The causes are complex, spanning ageing populations, lifestyle factors and improved detection. But one factor is increasingly difficult to ignore – long-term exposure to environmental and industrial materials that accumulate silently over time.
RESPONSIBLE LEADERSHIP MATTERS
For businesses, this marks a deeper and more uncomfortable shift. Nanoplastics are not an isolated issue. They are part of a broader pattern in which modern materials, chemicals and industrial processes create forms of contamination that move through air, water, food systems and into people.
What was once considered environmental impact is now becoming human exposure. And with that shift comes a fundamental question of responsibility.

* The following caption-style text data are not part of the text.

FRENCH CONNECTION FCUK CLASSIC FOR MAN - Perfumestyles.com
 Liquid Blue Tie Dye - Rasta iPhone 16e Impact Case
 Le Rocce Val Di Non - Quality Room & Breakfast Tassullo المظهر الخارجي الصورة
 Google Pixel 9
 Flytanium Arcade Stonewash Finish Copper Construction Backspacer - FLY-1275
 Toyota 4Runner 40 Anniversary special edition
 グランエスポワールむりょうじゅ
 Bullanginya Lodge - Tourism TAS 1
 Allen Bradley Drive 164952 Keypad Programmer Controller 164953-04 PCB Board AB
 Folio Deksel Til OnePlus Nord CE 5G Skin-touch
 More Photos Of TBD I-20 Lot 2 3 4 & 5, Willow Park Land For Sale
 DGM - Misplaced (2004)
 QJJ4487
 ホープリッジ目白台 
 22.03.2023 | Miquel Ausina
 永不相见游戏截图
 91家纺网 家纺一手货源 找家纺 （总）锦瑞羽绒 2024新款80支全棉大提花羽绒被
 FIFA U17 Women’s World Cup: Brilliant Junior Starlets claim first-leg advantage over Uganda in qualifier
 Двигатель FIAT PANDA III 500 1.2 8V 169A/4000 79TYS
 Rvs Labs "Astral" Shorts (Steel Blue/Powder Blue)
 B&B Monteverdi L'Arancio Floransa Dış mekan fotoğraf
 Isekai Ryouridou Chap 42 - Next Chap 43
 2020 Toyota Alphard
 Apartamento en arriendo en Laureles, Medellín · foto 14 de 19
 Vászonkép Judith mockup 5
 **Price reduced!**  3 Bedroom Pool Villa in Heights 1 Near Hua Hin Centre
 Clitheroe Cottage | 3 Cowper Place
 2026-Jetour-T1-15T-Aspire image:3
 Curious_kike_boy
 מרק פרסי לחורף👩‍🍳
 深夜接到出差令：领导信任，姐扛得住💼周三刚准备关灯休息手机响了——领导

If products, materials and processes contribute – even indirectly – to long-term human exposure, then the role of business cannot be limited to compliance or profitability alone. It extends to understanding, reducing and, where possible, preventing harm.
This is not simply a regulatory issue. It is a question of responsible leadership.
NANOPLASTICS: HIDDEN CONNECTIONS & EMERGING RISKS
Last month, on February 24, 2026, the European Parliament in Brussels hosted a high-level international conference titled “Nanoplastics: Hidden Connections and Emerging Risks”, bringing together scientists, policymakers and civil society representatives to examine the scale of the challenge.
Organised by MEP Ondřej Knotek, in collaboration with the ALLATRA Global Research Center, the conference highlighted a growing consensus: Micro- and nanoplastics are not just an environmental issue. They are an emerging systemic risk for business, health and society.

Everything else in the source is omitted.